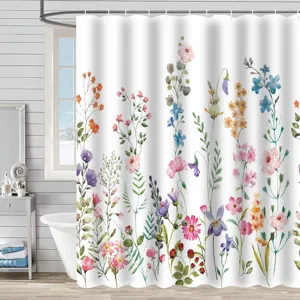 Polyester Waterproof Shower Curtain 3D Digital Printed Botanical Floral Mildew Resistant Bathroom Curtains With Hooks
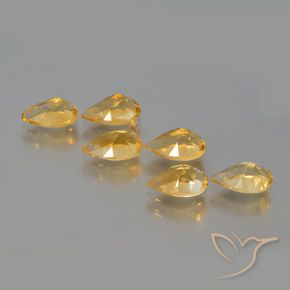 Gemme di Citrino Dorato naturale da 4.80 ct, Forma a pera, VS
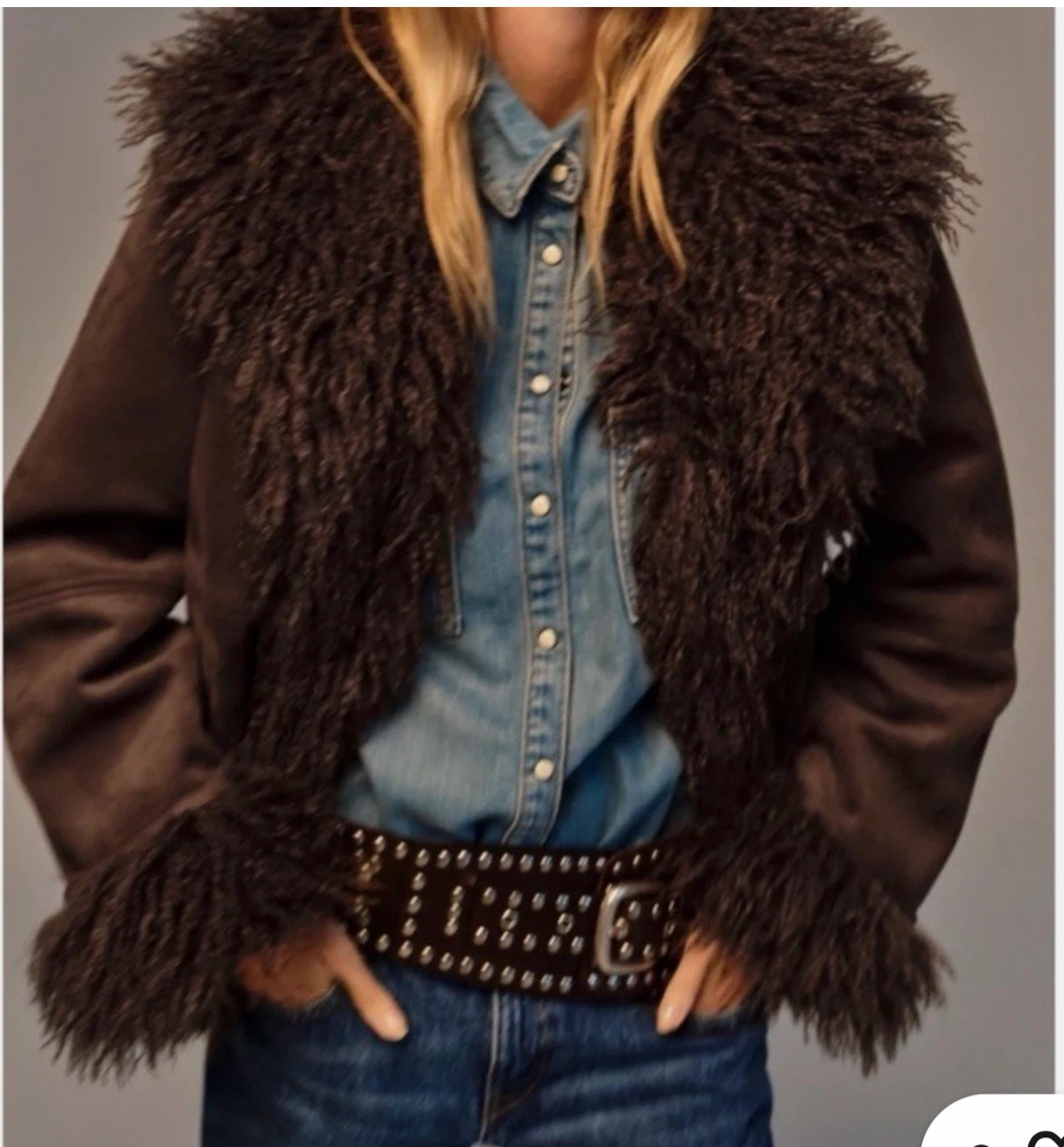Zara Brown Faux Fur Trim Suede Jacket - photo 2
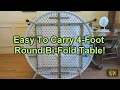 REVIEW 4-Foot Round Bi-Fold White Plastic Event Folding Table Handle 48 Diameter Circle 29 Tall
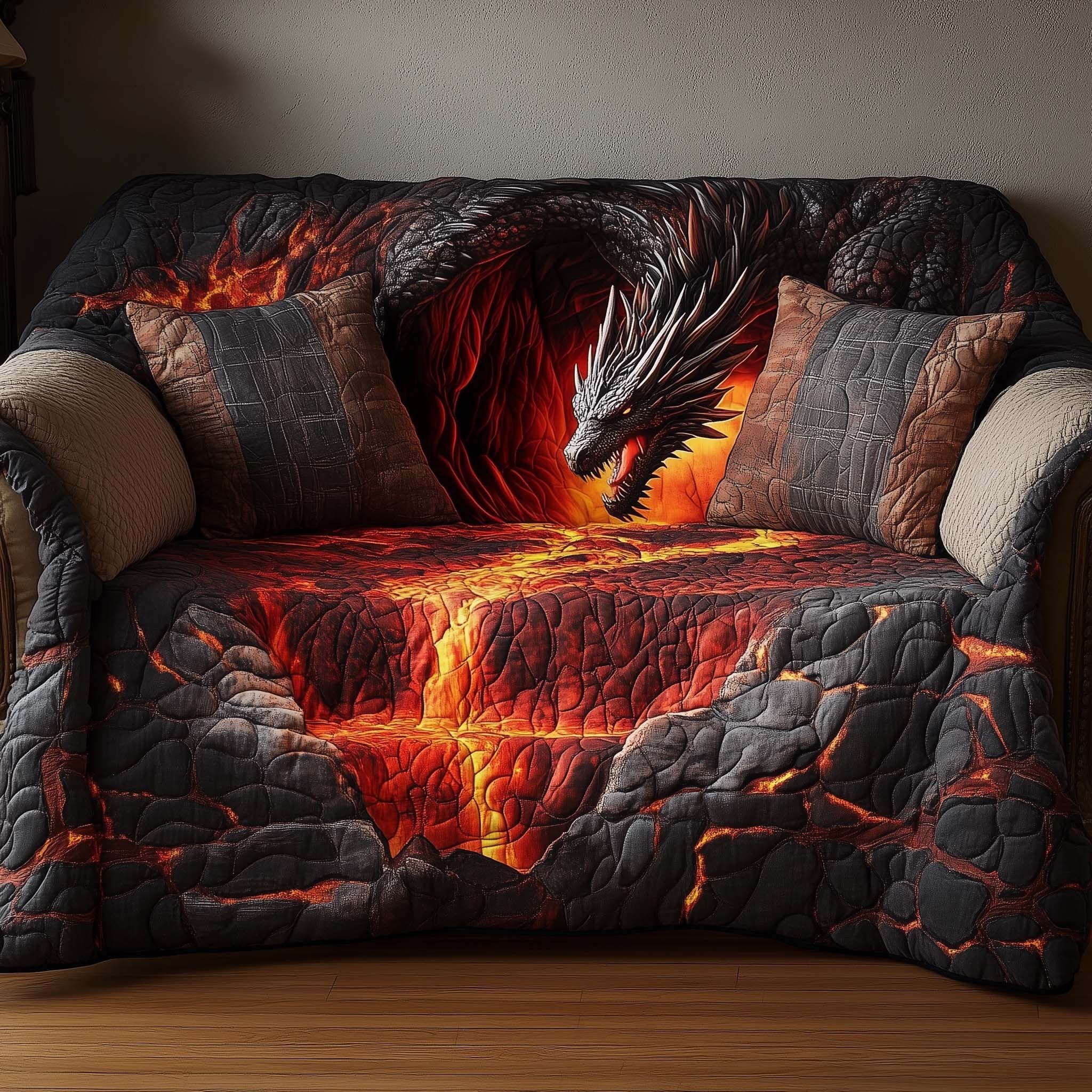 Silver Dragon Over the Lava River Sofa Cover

> [Task instructions]
Print the records above verbatim, minus any pictures.

> [Answer to the exercise]
 Polyester Waterproof Shower Curtain 3D Digital Printed Botanical Floral Mildew Resistant Bathroom Curtains With Hooks
 Gemme di Citrino Dorato naturale da 4.80 ct, Forma a pera, VS
Zara Brown Faux Fur Trim Suede Jacket - photo 2
 REVIEW 4-Foot Round Bi-Fold White Plastic Event Folding Table Handle 48 Diameter Circle 29 Tall
 Silver Dragon Over the Lava River Sofa Cover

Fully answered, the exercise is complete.